The focus is on fine-grained revisionism; the postwar Modernist project is revisited in case studies, each of which is supported by powerful double-page reproductions. Mercer investigates the oeuvre of the great artist Romare Bearden (surely due for a retrospective) via Ralph Ellison’s 1968 account of ‘the horrible fragmentation which Bearden’s subjects and their environment have undergone’; Lowery Stokes Sims teases out the genealogical iconographies of Wifredo Lam; while Ann Lewis revisits the ambiguities of universalism that informed abstractionist Norman Lewis’ postwar black paintings.
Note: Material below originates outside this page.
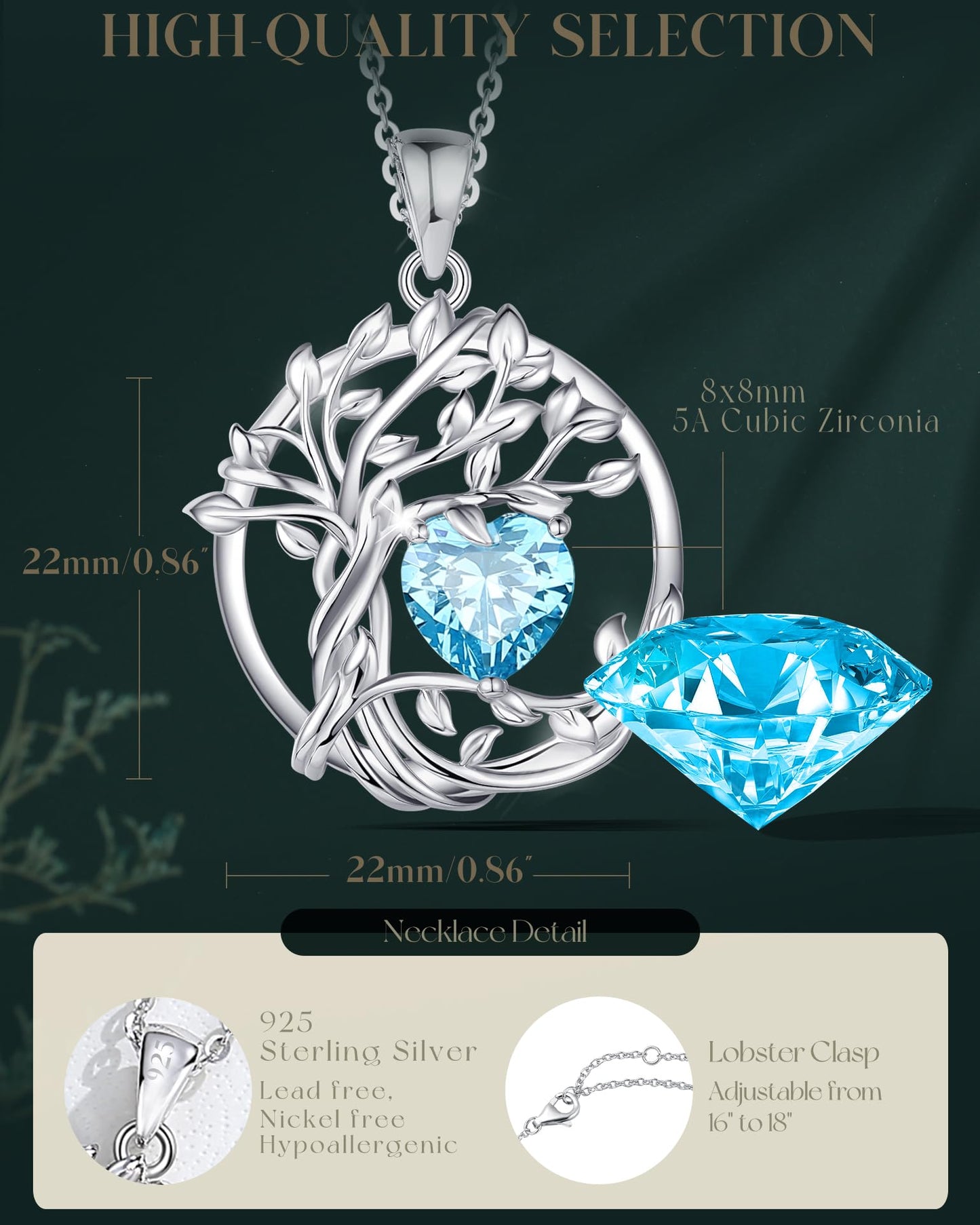 Edersee Lebensbaum Birthstone Kette für Damen 925 Sterling Silber Baum des Lebens Birthstone Anhänger Halskette Schmuck Geschenke für Frauen Mädchen, Kettenlänge: 40+5 cm
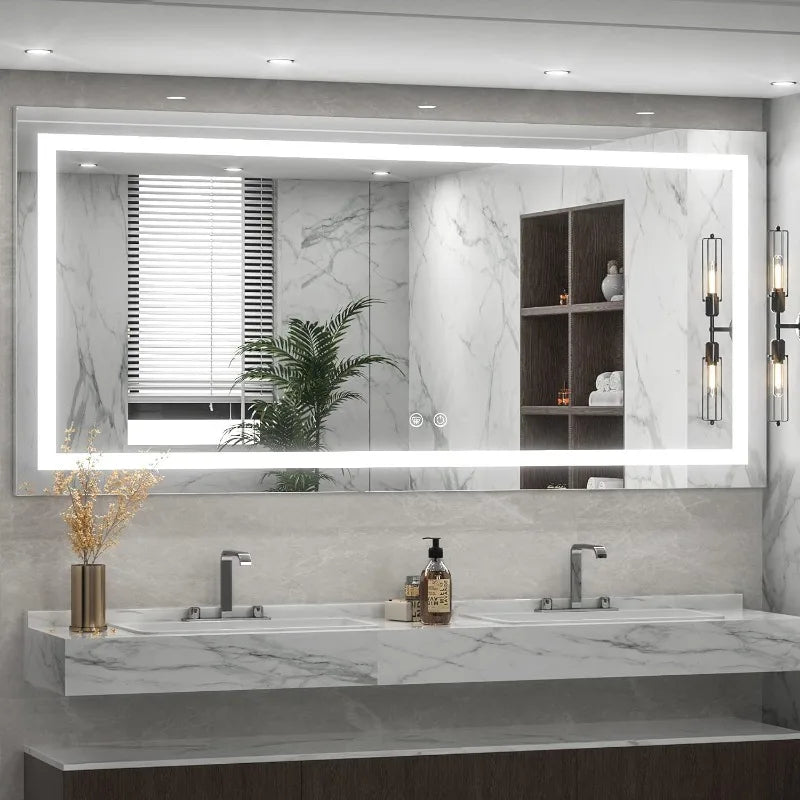 LED Bathroom Anti-Fog Mirror with Dimmable Lights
These essays are offset by a fascinating conversation between Mercer and art historian Partha Mitter, author of Much Maligned Monsters: A History of European Reactions to Indian Art (1977). In a wide-ranging dialogue that centres on Mitter’s revisionist notion of Primitivism as anti-colonial strategy and counter-Modernism, historical moments such as the 1922 exhibition of Paul Klee, Wassily Kandinsky and other Bauhaus artists initiated by Nobel Prize-winning poet Rabindranath Tagore are retrieved and contextualized in a compelling account of nationalist and pan-Asiatic Modernisms in 20th-century India.

Cosmopolitan Modernisms is animated by the reappearances of forgotten conjunctions and overlooked characters that should command whole volumes in their own right: figures such as the half-Hungarian Amrita Sher-Gil, India’s first professional woman artist, and Sukumar Ray, the father of film director Satyajit Ray, who wrote the first article on Cubism in India in 1914. Mercer recalls how Bearden nearly studied with Gaston Bachelard but declined on the ground that his French wasn’t good enough, while David Craven points out how the Trotskyite radical, historian and cricket aesthetician C.L.R. James corresponded with his art historian friend Meyer Shapiro in the 1950s. James’ 1980 essay on Pablo Picasso and Jackson Pollock is published here for the first time; another first is Michael Asbury’s translation of Ferreira Gullar’s Theory of the Non Object (1959), a tightly argued manifesto that cleared a space for the international-style Modernism of the Brazilian neo-Concretist school.

Cosmopolitan Modernisms is a volume whose rigorous revisionism is matched only by its principled modesty; one is left waiting for the painstaking termite-criticism of future volumes.